▶ **Work task**
Reproduce the listing below word for word and exclude any picture.
(Recorded data Opens)
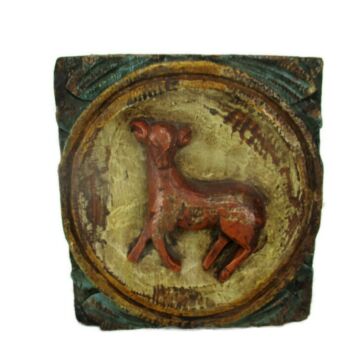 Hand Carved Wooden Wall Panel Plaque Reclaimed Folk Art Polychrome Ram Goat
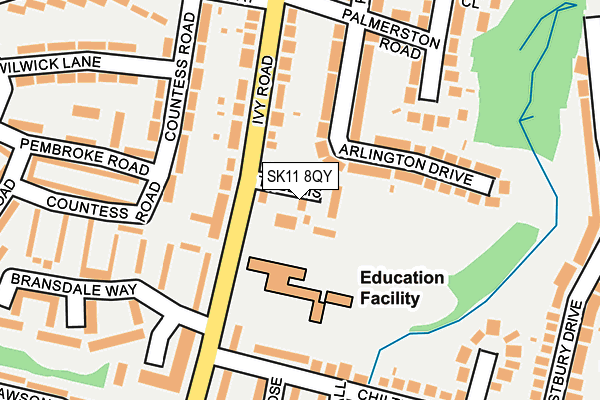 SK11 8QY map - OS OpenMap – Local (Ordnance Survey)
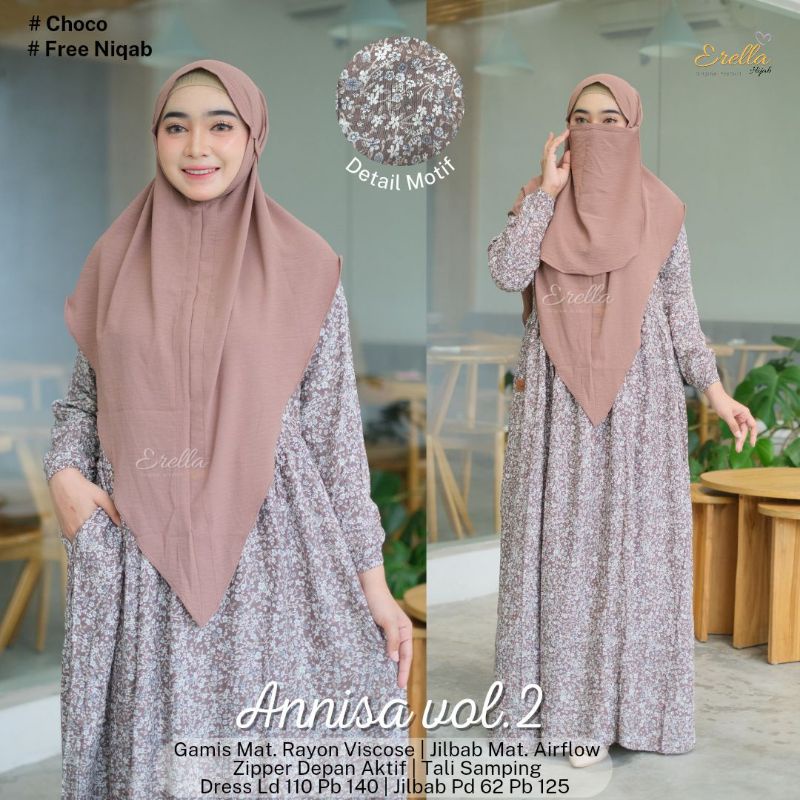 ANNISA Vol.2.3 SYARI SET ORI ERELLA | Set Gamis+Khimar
(Recorded data Closes)
▶ **Solution to the problem**
 Hand Carved Wooden Wall Panel Plaque Reclaimed Folk Art Polychrome Ram Goat
 SK11 8QY map - OS OpenMap – Local (Ordnance Survey)
 ANNISA Vol.2.3 SYARI SET ORI ERELLA | Set Gamis+Khimar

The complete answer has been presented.